WHAT IS EXPECTED ▸ Copy the entries below word for word, but omit any pictures they contain.
*** Opening of GIVEN RECORDS ***
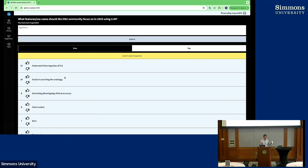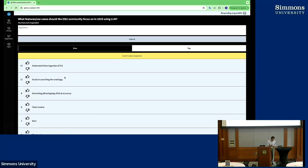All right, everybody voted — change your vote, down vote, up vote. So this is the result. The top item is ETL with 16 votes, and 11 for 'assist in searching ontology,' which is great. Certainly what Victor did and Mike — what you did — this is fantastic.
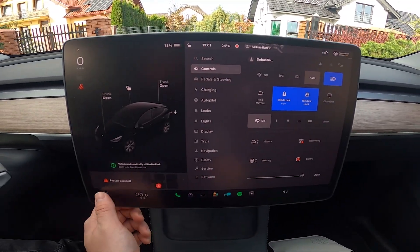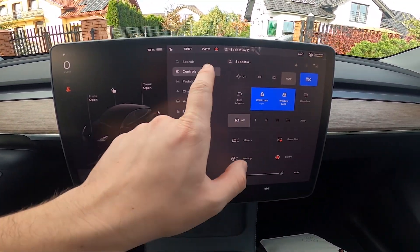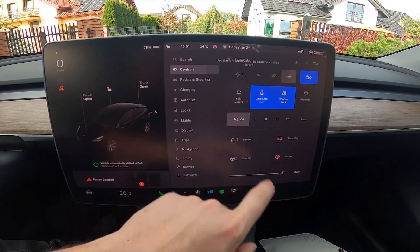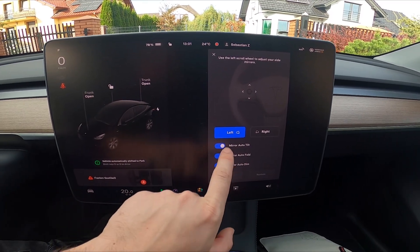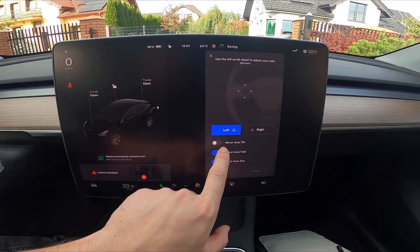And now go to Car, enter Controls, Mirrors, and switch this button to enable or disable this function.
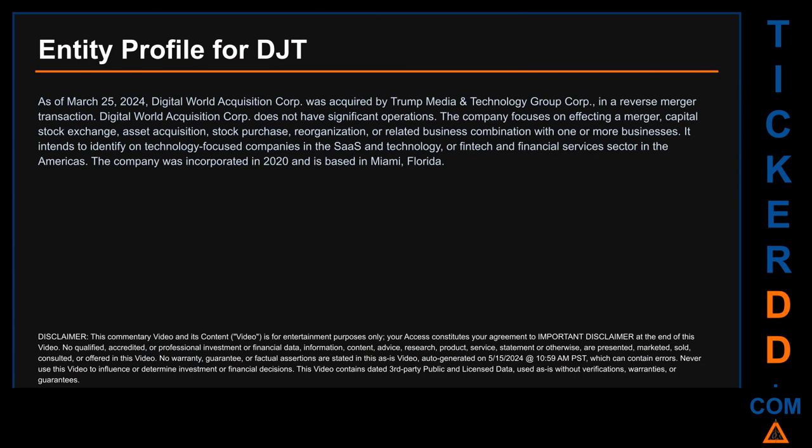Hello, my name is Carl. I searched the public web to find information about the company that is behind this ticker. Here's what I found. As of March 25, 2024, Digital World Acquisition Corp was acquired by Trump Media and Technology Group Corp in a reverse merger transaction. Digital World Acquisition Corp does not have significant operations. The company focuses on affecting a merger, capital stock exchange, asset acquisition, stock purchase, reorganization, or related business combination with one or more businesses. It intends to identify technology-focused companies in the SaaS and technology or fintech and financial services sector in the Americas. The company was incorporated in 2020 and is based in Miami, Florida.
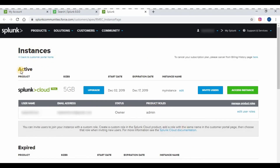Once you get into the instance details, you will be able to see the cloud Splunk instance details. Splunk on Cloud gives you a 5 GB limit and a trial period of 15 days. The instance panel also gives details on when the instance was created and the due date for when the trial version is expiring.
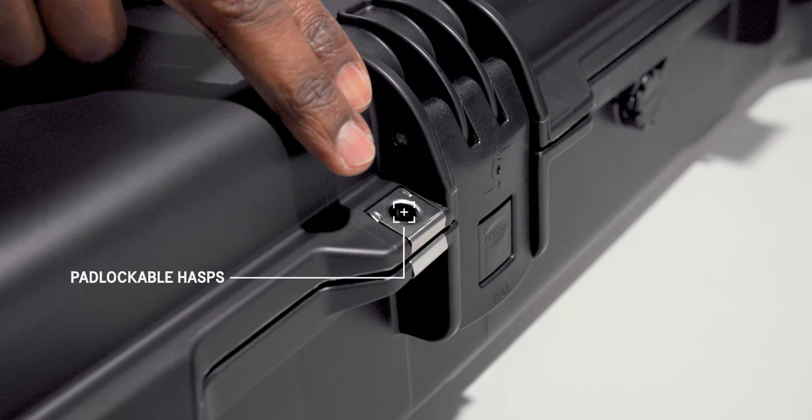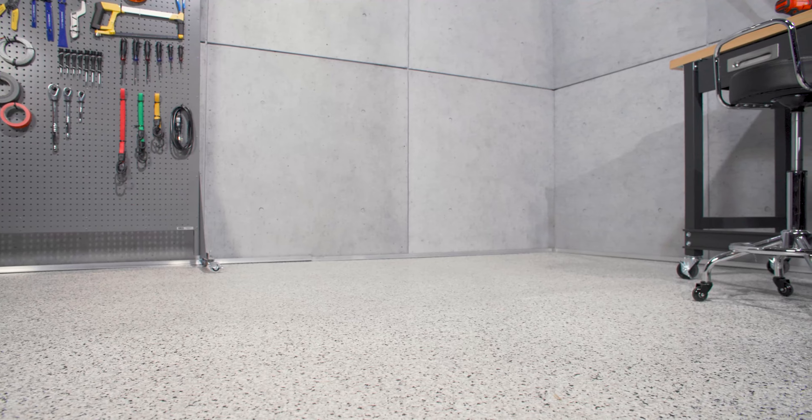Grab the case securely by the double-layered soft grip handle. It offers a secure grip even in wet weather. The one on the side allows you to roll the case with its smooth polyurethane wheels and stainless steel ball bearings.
*** Close of GIVEN RECORDS ***
EXERCISE RESPONSE ▸
All right, everybody voted — change your vote, down vote, up vote. So this is the result. The top item is ETL with 16 votes, and 11 for 'assist in searching ontology,' which is great. Certainly what Victor did and Mike — what you did — this is fantastic.
And now go to Car, enter Controls, Mirrors, and switch this button to enable or disable this function.
Hello, my name is Carl. I searched the public web to find information about the company that is behind this ticker. Here's what I found. As of March 25, 2024, Digital World Acquisition Corp was acquired by Trump Media and Technology Group Corp in a reverse merger transaction. Digital World Acquisition Corp does not have significant operations. The company focuses on affecting a merger, capital stock exchange, asset acquisition, stock purchase, reorganization, or related business combination with one or more businesses. It intends to identify technology-focused companies in the SaaS and technology or fintech and financial services sector in the Americas. The company was incorporated in 2020 and is based in Miami, Florida.
Once you get into the instance details, you will be able to see the cloud Splunk instance details. Splunk on Cloud gives you a 5 GB limit and a trial period of 15 days. The instance panel also gives details on when the instance was created and the due date for when the trial version is expiring.
Grab the case securely by the double-layered soft grip handle. It offers a secure grip even in wet weather. The one on the side allows you to roll the case with its smooth polyurethane wheels and stainless steel ball bearings.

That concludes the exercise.